(AVAILABLE DATA)

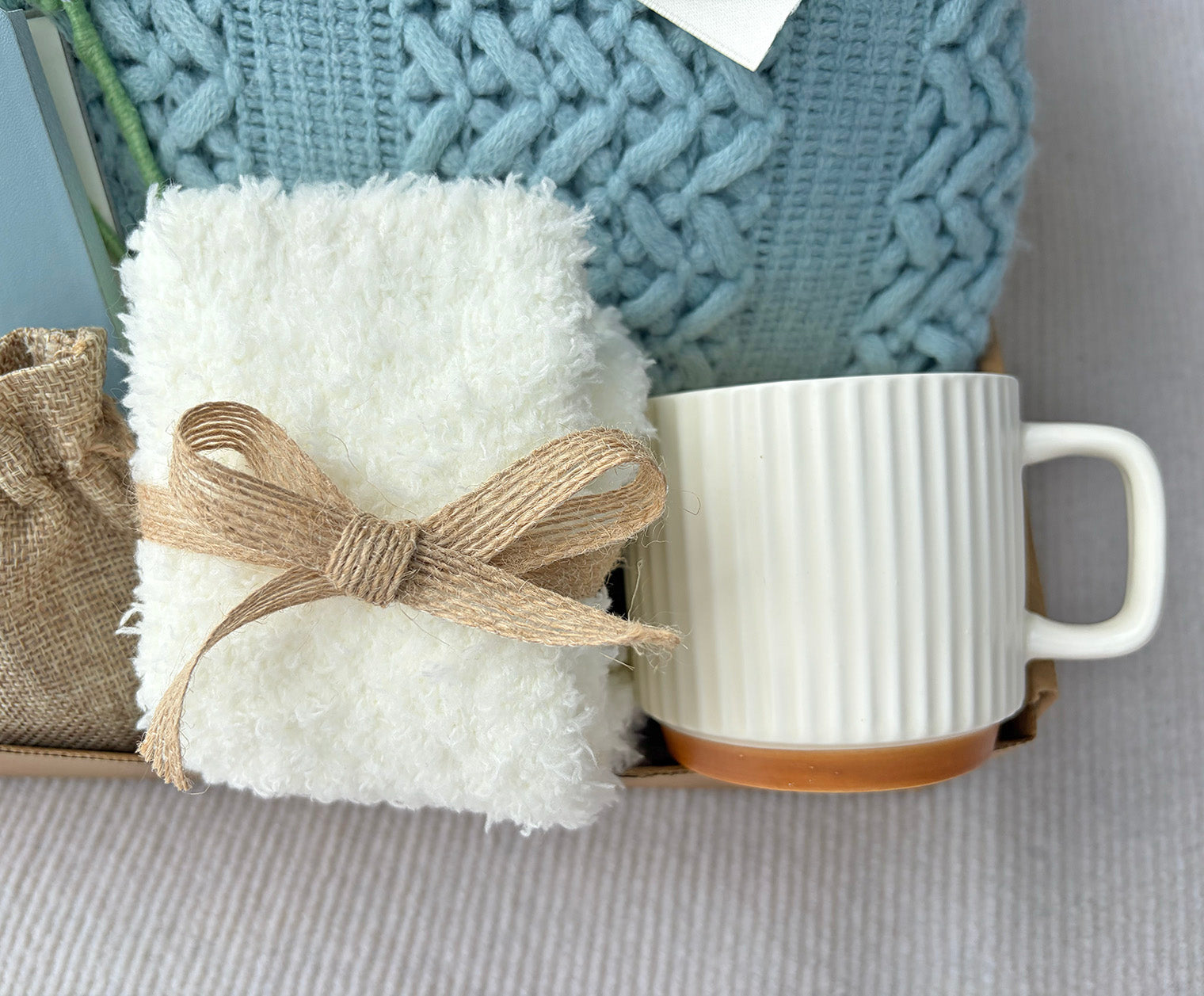 Soft Sky Blue Cozy Gift Box | Cable Knit Blanket, Ceramic Mug, Notebook, Fuzzy Socks, Scent Bag & Crochet Tulip Gift Basket komorebi INC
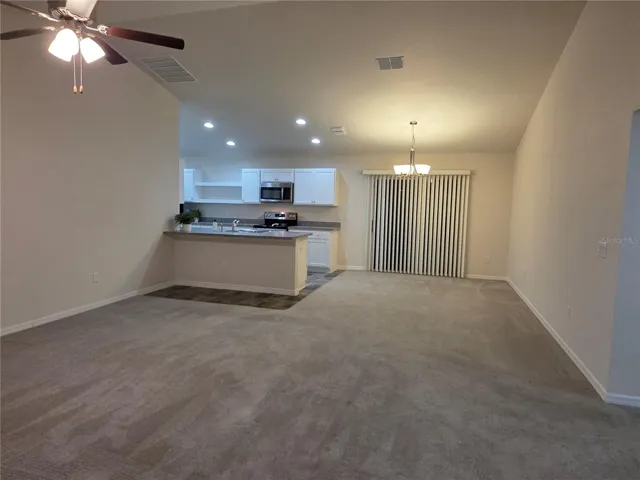 Living room into the dining area and open kitchen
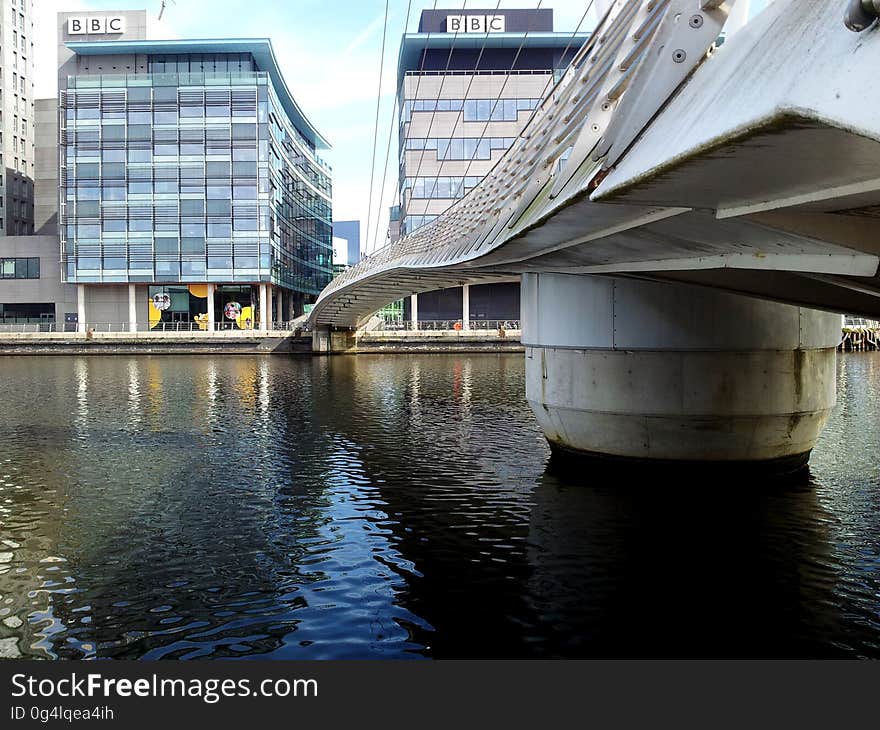 The BBC offices at Media City and the footbridge in Manchester, United Kingdom. The BBC offices at Media City and the footbridge in Manchester, United Kingdom.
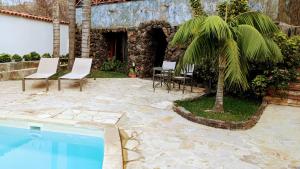 伊科德洛斯维诺斯Las Villas de Gardel的一个带桌椅和棕榈树的庭院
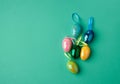 Multicolored decorative Easter eggs decorated with sequins on a green background Royalty Free Stock Photo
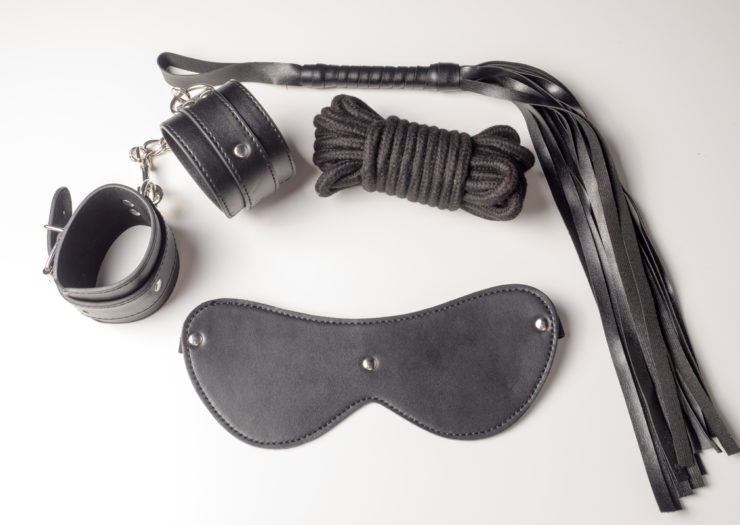 [Photo: Leather handcuffs, leather whip,leather mask and black cord on white background]
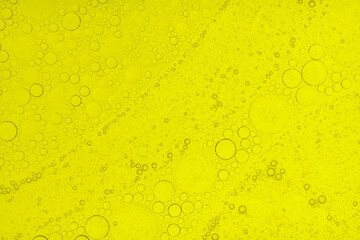 Macro abstract image of golden oil bubbles suspended in liquid, forming overlapping circular patterns. The texture and light create a warm, artistic background perfect for cosmetic, beauty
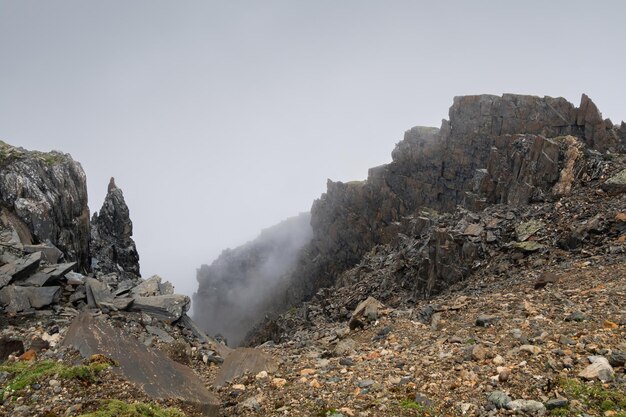 Foggy mountain view from cliff at very high altitude Scenic alp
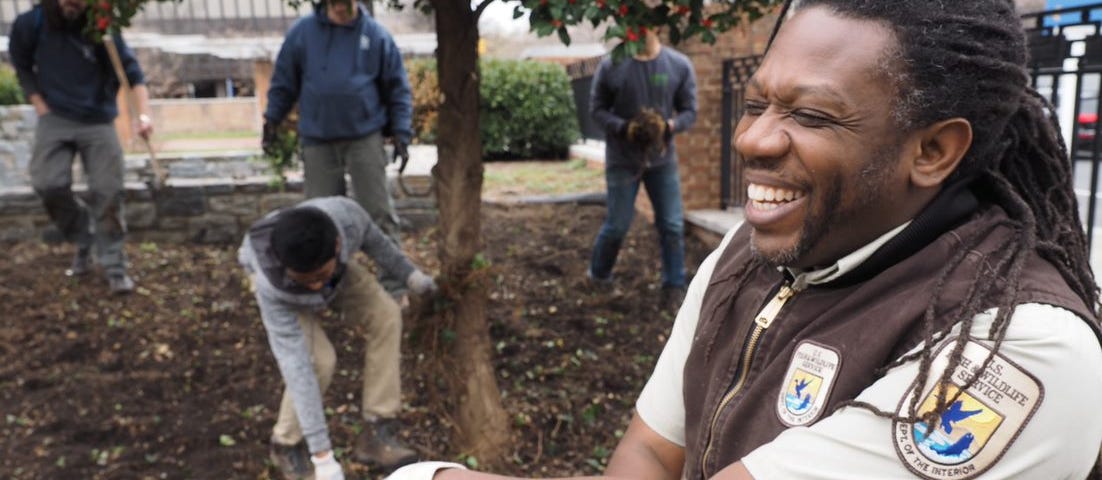 A man in a U.S. Fish and Wildlife Service uniform laughs while leaning on a shovel. Men in the background are prepping mulch around a tree.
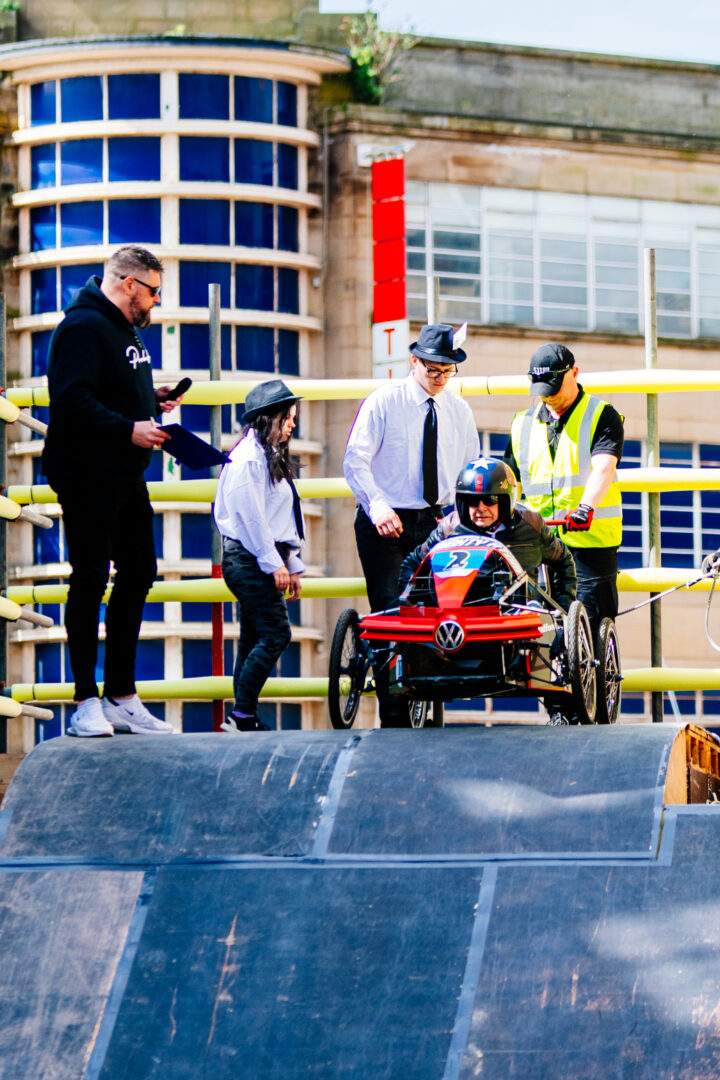 five team members stand on top of a slope, one sits in a go-kart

(End AVAILABLE DATA)

• _PROBLEM TO SOLVE_:
Reproduce exactly, with no pictures, the lines above from the one holding "Living room into" to the one holding "A man in a U.S.", inclusive.

• _REPLY_:
 Living room into the dining area and open kitchen
 The BBC offices at Media City and the footbridge in Manchester, United Kingdom. The BBC offices at Media City and the footbridge in Manchester, United Kingdom.
 伊科德洛斯维诺斯Las Villas de Gardel的一个带桌椅和棕榈树的庭院
 Multicolored decorative Easter eggs decorated with sequins on a green background Royalty Free Stock Photo
 [Photo: Leather handcuffs, leather whip,leather mask and black cord on white background]
 Macro abstract image of golden oil bubbles suspended in liquid, forming overlapping circular patterns. The texture and light create a warm, artistic background perfect for cosmetic, beauty
 Foggy mountain view from cliff at very high altitude Scenic alp
 A man in a U.S. Fish and Wildlife Service uniform laughs while leaning on a shovel. Men in the background are prepping mulch around a tree.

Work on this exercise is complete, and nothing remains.